Bug 60329

Summary: Avoid NPE when styleid is null
Product: POI Reporter: Tim Allison <tallison>
Component: XWPFAssignee: POI Developers List <dev>
Status: RESOLVED FIXED    
Severity: normal    
Priority: P2    
Version: 3.16-dev   
Target Milestone: ---   
Hardware: PC   
OS: All   
Attachments: File provided by Seva Alekseyev on TIKA-2152
mylyn/context/zip

Description Tim Allison 2016-11-01 18:55:51 UTC
On TIKA-2152, Seva Alekseyev submitted a docx file that triggers an NPE when trying to get the styleid.  If I read OOXML Ecma 1 [1] correctly, styleid is optional.  We should try to avoid an NPE if the styleid is null.

[1] http://www.ecma-international.org/publications/files/ECMA-ST/ECMA-376,%20Fourth%20Edition,%20Part%201%20-%20Fundamentals%20And%20Markup%20Language%20Reference.zip : pdf page 3861/printed page 3851
Comment 1 Tim Allison 2016-11-02 11:07:15 UTC
From Mark Murphy on our dev list:

Seems to me that style ID is not optional because it is used to refer to the style from elsewhere in the document, and the style ID must also be unique.
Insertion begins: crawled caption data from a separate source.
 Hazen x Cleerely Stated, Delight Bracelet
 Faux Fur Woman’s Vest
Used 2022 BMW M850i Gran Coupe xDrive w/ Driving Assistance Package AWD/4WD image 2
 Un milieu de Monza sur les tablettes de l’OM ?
However, if the style ID is missing from the document, one should be assigned in any manner we choose, and it won't be able to be referenced.
That is ok as the document is mal-formed.
Comment 2 Tim Allison 2016-11-02 11:07:52 UTC
Sounds good.  Do we want to auto-generate a styleid and risk collision with an actual styleid (chances would be very, very low) or handle the null or simply not load a style that doesn't contain an id?
Comment 3 Mark Murphy 2016-11-02 11:37:00 UTC
Can you attach the document in question? I want to see what Word does, though that might be a different situation as Word could assign an ID and allow a user to interactively assign the style to an element in the document. 
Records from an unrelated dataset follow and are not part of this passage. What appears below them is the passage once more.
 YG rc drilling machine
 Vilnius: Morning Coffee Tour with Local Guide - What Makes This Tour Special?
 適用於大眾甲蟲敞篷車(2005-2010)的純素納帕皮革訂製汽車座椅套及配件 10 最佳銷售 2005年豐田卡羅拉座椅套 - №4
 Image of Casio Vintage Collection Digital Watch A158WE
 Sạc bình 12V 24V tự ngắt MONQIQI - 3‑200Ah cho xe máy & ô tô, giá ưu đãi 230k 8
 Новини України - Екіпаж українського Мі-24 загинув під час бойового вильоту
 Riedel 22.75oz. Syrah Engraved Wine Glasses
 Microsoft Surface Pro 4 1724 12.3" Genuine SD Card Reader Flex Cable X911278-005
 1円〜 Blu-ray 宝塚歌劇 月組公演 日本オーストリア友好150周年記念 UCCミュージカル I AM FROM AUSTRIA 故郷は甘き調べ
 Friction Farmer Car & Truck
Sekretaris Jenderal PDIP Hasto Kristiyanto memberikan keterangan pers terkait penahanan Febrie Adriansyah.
The applicable use cases in POI would be to read a document, update it, and save it. Do we have (or want) a facility in POI to reference a style by some means other than its ID. If so, we should go ahead and generate a new ID. I suggest something like a negative 10 digit number. The spec also indicates that if a document has two styles with the same ID, the first one is to be used. For our case I think we should check for duplicate style ID's on load, and mangle duplicates by appending a sequential integer (in parenthesis) to duplicates unless the duplicate was caused by an auto-generated id. In that case the auto-generated id should be re-generated.
Comment 4 Tim Allison 2016-11-02 12:58:30 UTC
Created attachment 34414 [details]
File provided by Seva Alekseyev on TIKA-2152
Comment 5 Tim Allison 2016-11-02 13:01:12 UTC
>Seems to me that style ID is not optional because it is used to refer to the style from elsewhere in the document

I agree with this point.  However, from a spec standpoint it appears to be "optional" or am I misreading?
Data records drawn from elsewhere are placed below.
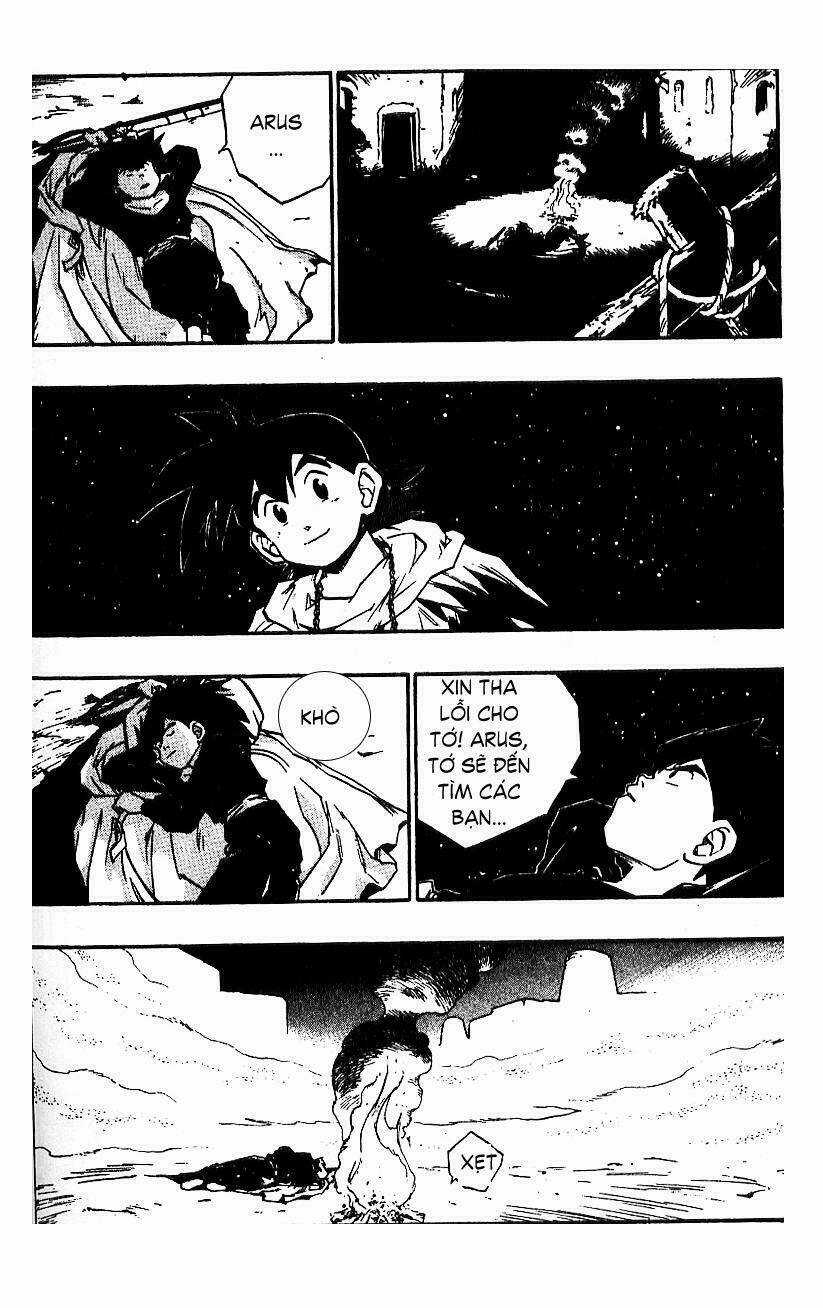 Dấu Ấn Rồng Thiêng II Chapter 21 trang 6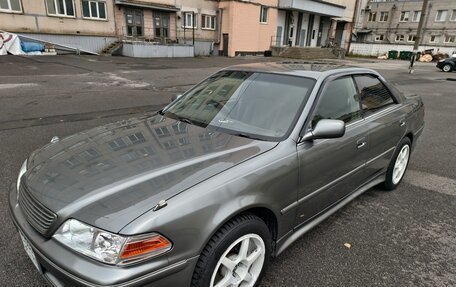 Toyota Mark II VIII (X100), 1996 год, 770 000 рублей, 5 фотография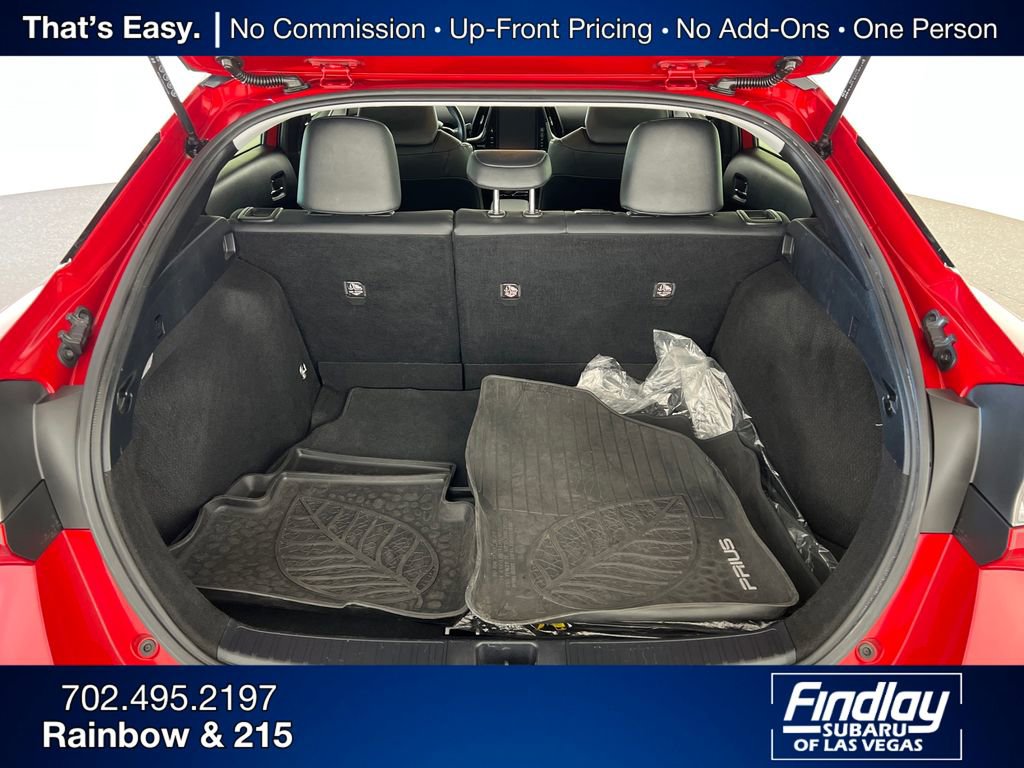 Used 2019 Toyota Prius image 28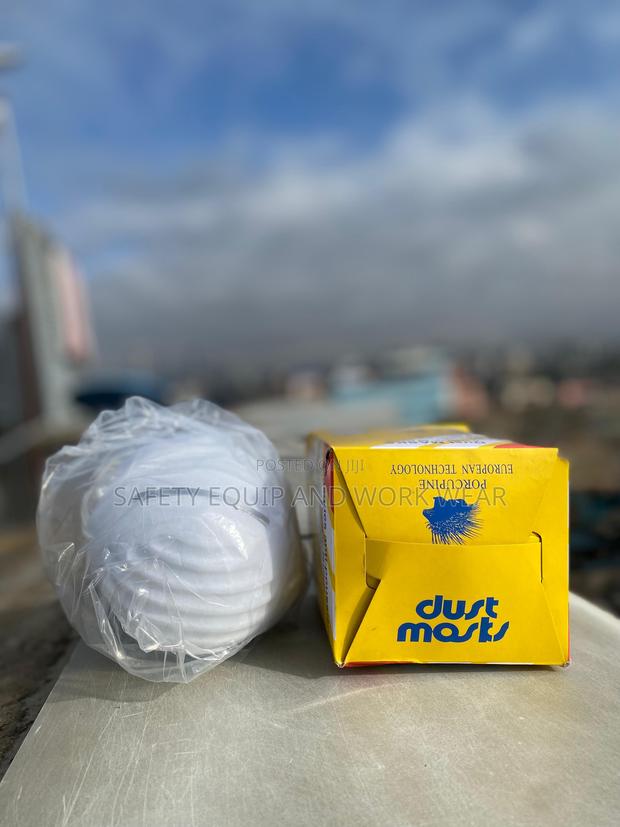 Dust Masks That Filter Non-toxic Particles .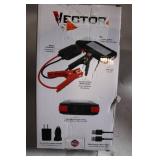Vector Jump Starter with Smart Controller and USB Ports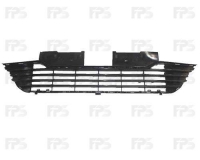 Решітка в бампер передня середня нижня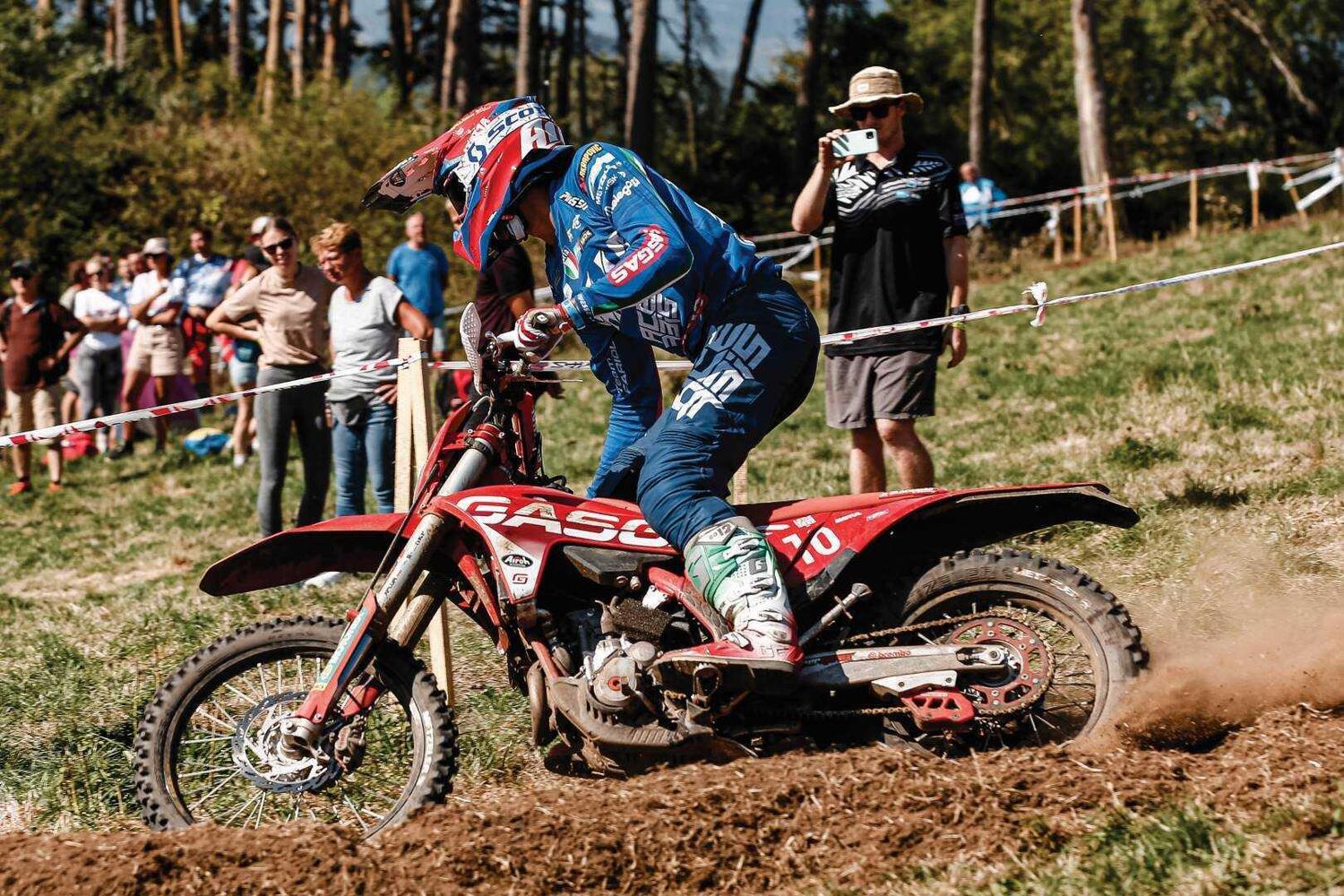 ISDE 22 Francia. D5. Verona Incredibile! l’Italia del Trofeo Difende il Podio, Junior a 1 Passo…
Also, thank you for your consideration of the full lifecycle -- open, modify, save.  I have to admit that I suffer from tunnel vision on open+extract. :)
Comment 6 Mark Murphy 2016-11-05 05:17:03 UTC
(In reply to Tim Allison from comment #5)
> >Seems to me that style ID is not optional because it is used to refer to the style from elsewhere in the document
> 
> I agree with this point.  However, from a spec standpoint it appears to be
> "optional" or am I misreading?
> 
> Also, thank you for your consideration of the full lifecycle -- open,
> modify, save.  I have to admit that I suffer from tunnel vision on
> open+extract. :)

Sorry, thought I replied to this. Yes the spec does say optional, and after my initial reading I couldn't think of how a style could be used without an ID, but after more thought, a style without an ID could be used indirectly if it were a default style for a run, paragraph, or table. So, to avoid other than explicit changes to documents, I believe we should just suppress any NPE, or better yet, correct the situation that is causing the NPE. I have found several places in other parts of the code where it is assumed that an XML object exists, and just goes and gets it. Maybe that is the issue here?
Comment 7 Mark Murphy 2016-11-29 04:19:35 UTC
Tim, do we have more information about this, like a stack trace, or some code which triggers the NPE? I can't recreate it. In fact when looking at the file in the attachment, all the styles have a styleId. I can modify it so that one does not. But that would defeat the purpose of attaching a file that exhibits this behavior.
Comment 8 Tim Allison 2016-11-29 13:19:31 UTC
Doh, y, this fell off my plate too.  Sorry.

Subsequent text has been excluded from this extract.